In that sense, I’m one of the lucky ones. I’ve yet to be laid off—knock on wood—and that is largely due to the fact that I’ve spent much of my adult life as a full-time freelancer. (There are many downsides to self-employment, but at the very least, it’s hard to lose your whole job.) So when I read Ehrenkranz’s interviews, I often find myself sponging up advice and contingencies for the moment when my name finally gets called. One former community manager at Square articulated how best to cold-pitch a hiring manager. (Rather than asking for a job, come to them with a specific inquiry about their career.) Meanwhile, a onetime creative director at Google extolled the virtues of keeping in close contact with colleagues who’ve also been recently axed, since they’re a great sounding board for navigating the messy world of severance negotiations.

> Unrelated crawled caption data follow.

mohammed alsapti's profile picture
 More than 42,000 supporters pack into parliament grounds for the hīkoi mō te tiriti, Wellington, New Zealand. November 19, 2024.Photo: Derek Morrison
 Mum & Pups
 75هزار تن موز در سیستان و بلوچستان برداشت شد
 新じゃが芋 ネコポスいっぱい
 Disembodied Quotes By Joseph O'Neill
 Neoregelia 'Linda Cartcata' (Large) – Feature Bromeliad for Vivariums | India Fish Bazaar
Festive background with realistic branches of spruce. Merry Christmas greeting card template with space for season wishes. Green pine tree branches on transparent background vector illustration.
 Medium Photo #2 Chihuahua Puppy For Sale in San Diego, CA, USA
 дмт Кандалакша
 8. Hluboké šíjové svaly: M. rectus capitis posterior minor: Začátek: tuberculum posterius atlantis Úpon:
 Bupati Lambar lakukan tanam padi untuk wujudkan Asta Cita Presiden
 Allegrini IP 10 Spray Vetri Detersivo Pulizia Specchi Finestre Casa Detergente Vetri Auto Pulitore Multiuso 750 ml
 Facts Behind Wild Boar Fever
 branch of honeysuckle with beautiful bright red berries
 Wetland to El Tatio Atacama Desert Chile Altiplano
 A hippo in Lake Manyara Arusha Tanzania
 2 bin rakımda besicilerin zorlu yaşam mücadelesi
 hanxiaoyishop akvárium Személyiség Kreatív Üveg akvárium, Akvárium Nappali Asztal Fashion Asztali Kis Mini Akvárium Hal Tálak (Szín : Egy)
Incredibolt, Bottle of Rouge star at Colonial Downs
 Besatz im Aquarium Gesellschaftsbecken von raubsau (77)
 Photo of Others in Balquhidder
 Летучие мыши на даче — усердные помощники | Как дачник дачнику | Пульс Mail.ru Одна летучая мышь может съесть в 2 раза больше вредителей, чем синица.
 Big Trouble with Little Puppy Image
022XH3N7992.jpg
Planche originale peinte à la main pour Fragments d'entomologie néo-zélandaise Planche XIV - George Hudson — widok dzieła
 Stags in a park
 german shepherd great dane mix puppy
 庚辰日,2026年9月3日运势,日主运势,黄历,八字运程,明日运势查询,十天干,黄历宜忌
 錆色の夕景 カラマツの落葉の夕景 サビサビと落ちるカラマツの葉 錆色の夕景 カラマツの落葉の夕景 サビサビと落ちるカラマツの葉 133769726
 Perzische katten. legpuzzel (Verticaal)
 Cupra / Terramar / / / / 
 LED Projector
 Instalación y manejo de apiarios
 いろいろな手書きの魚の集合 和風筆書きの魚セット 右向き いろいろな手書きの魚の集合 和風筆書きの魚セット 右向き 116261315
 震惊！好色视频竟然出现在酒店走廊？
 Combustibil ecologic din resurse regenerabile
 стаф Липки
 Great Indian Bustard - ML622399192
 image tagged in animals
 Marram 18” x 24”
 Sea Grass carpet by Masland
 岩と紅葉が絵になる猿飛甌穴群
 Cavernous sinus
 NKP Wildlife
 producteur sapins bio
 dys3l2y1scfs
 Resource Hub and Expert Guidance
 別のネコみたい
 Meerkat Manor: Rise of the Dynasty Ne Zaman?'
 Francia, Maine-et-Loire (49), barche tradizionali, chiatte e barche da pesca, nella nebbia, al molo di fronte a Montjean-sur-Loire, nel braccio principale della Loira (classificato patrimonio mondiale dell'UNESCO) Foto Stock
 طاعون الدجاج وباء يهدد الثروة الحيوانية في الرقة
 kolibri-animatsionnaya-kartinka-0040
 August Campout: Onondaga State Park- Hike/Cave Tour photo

“We talk about having rainy day funds, or emergency funds. Things you can do before a layoff happens, and signs that they might be about to happen,” said Ehrenkranz. “I’m hoping to show those things to people before they’re overwhelmed by the new reality.”

Above all, though, talking about a layoff is cathartic, and that is exactly why so many who have gone through the process are willing to jump on the phone with Ehrenkranz. “I don’t think you fully digest what has just happened to you after you lose your job until you talk to your friends and family,” she said. Laid Off reveals that no matter how isolating or humiliating a termination might feel, it does initiate you into a community. “That’s the first step to eliminating that sense of shame,” added Ehrenkranz. “And maybe make some friends along the way.”

After all, Ehrenkranz is a prime example of how, in the long term, a layoff can inspire a glorious period of enrichment—empowered by spite, reflection, and yes, the formless days of severance. She believes that losing a job can conjure a much healthier relationship to work. Or at the very least, allow one to pursue whatever creative projects have been itching the back of their mind. A screenplay, a novel, or, yes, a newsletter about the seismic psychic transformation that hopefully occurs when someone in the C-suite decides that your services are no longer welcome. “It’s important to have something that’s yours. Something that someone can’t take away from me,” said Ehrenkranz. “Even if it’s not paying my bills.”